Expectation – a strong belief that something will happen or be the case in the future; a belief that someone will or should achieve something.
We learn to have expectations since childhood. Our parents, caregivers, teachers and society fill our brains with messages and definitions on how’s, what’s and why’s that slowly but steady, shape our thoughts and perception. We’re basically told how to think, what to expect, how to live and why we should follow.
Certainly, we all benefit from teachings of social behavior and values that help us live in harmony with each other. But the definition of how to live, what to do and why is for you to discover, not to follow.
You’ll take disappointment out of the equation when you get rid of expectations. Because, the reality is, no one is in charge of your life, but yourself. So, whatever happens in your life is because you are creating and/or allowing; we all should really understand this. It isn’t about the actions or decisions others do or did, but what you do to turn around however those actions or decisions may have impacted your life. Everything else are excuses, perhaps rooted in immaturity, victimization, fear or ignorance. Blaming others or blaming out of hand circumstances, is nothing but a waste of time.

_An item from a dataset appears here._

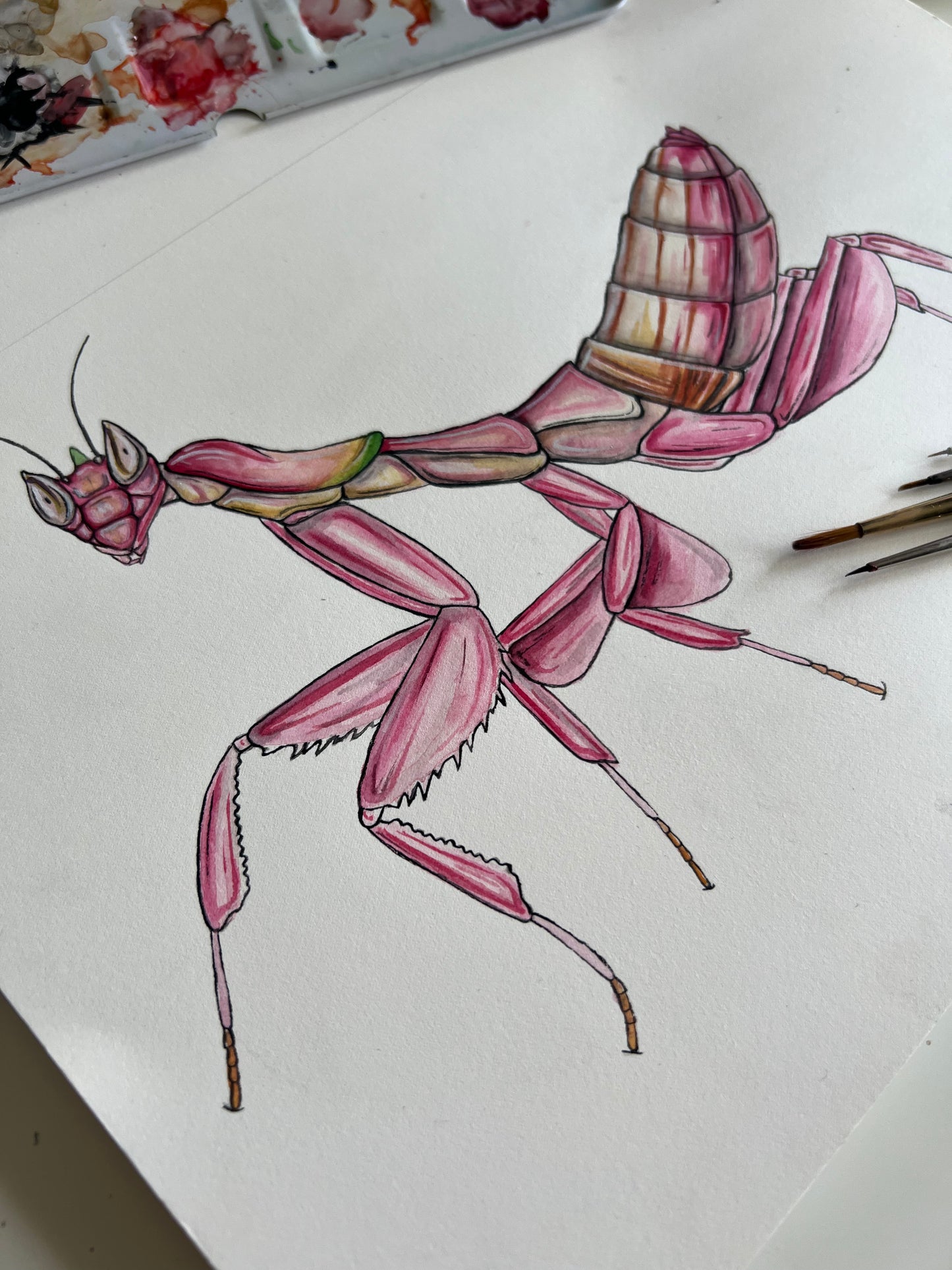 Orchid Mantis, Watercolour Original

What if we changed the concept of expectations and instead of putting our fate in outside events or others, we put that fate in ourselves? What if we stop expecting outcomes with fixed ideas and labels about everything we do, say or happens to us?
Have intentions, not expectations. The first turn-around you can do in your life with regards on expectations is to replace them with intentions.

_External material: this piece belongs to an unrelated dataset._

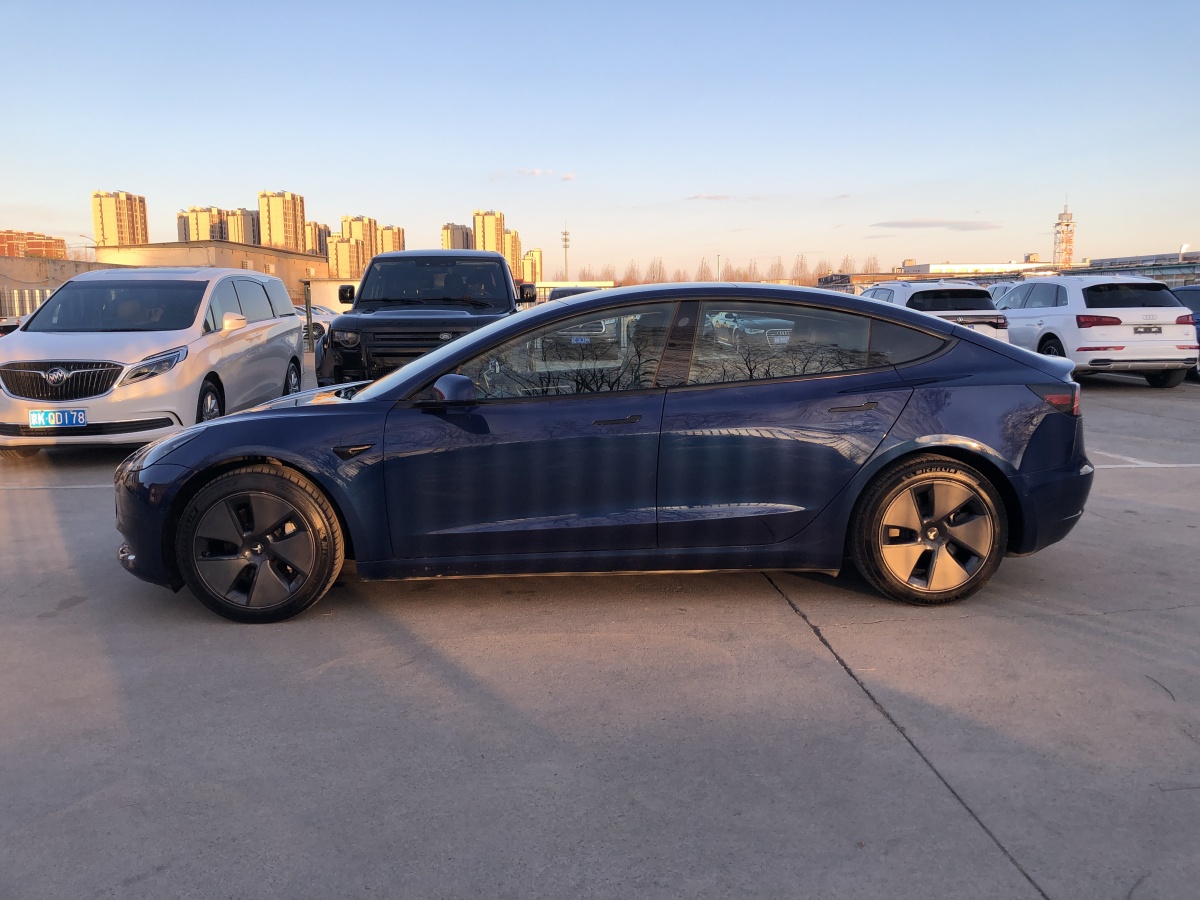 特斯拉 Model 3  2019款 標(biāo)準(zhǔn)續(xù)航后驅(qū)升級(jí)版圖片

What not having expectations means? It certainly doesn’t mean living without dreams, goals or desires…
It means, taking off the heavy weight of all that doesn’t serve you:
- fixed ideas and tags of shoulds and shouldn’ts
- distorted beliefs
- fear and misconception of what happiness and success are
In doing so, you will alleviate the self-inducted pain that comes with judgement and resistance.
Give it a try to intend rather than expect. Get actively involved in the outcome of your life, rather than becoming a simple spectator who lives kneeled down to fate. Waiting for something to happen, expecting life to unfold a certain way, people behave a certain way. Expecting your children to recognize and appreciate your sleepless nights and self-giving actions, and call them ungrateful when they don’t; expecting your spouse to read your mind and know ahead of time your needs and dreams, only to feel disappointed or unloved when he/she doesn’t; expecting for your boss to know when to reward your effective efforts, and get demotivated when it doesn’t happen; expecting your friends to know you better, and be upset when they don’t. Expectations lead to disappointment because they nurture false ways of thinking.

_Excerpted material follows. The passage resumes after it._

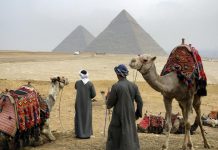 كورونا والإقتصاد المصري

Living with intention means getting involved in your life’s outcomes. Visualize and nurture what you can co-create and reap the benefits of feeling happier, fulfilled, appreciated, loved, and experience a greater sense of wellbeing. Understanding your role as co-creator in your life is powerful.
Malika Chopra, teaches us what living with intent means – “when you live with intent, you learn to consciously plant the seeds of your dreams, water them, and nurture them along the way. You learn to appreciate the gifts of the moment, and to stop, slow down, and take a much-needed breath.”
Plant the seeds of what you most want and nurture them every day.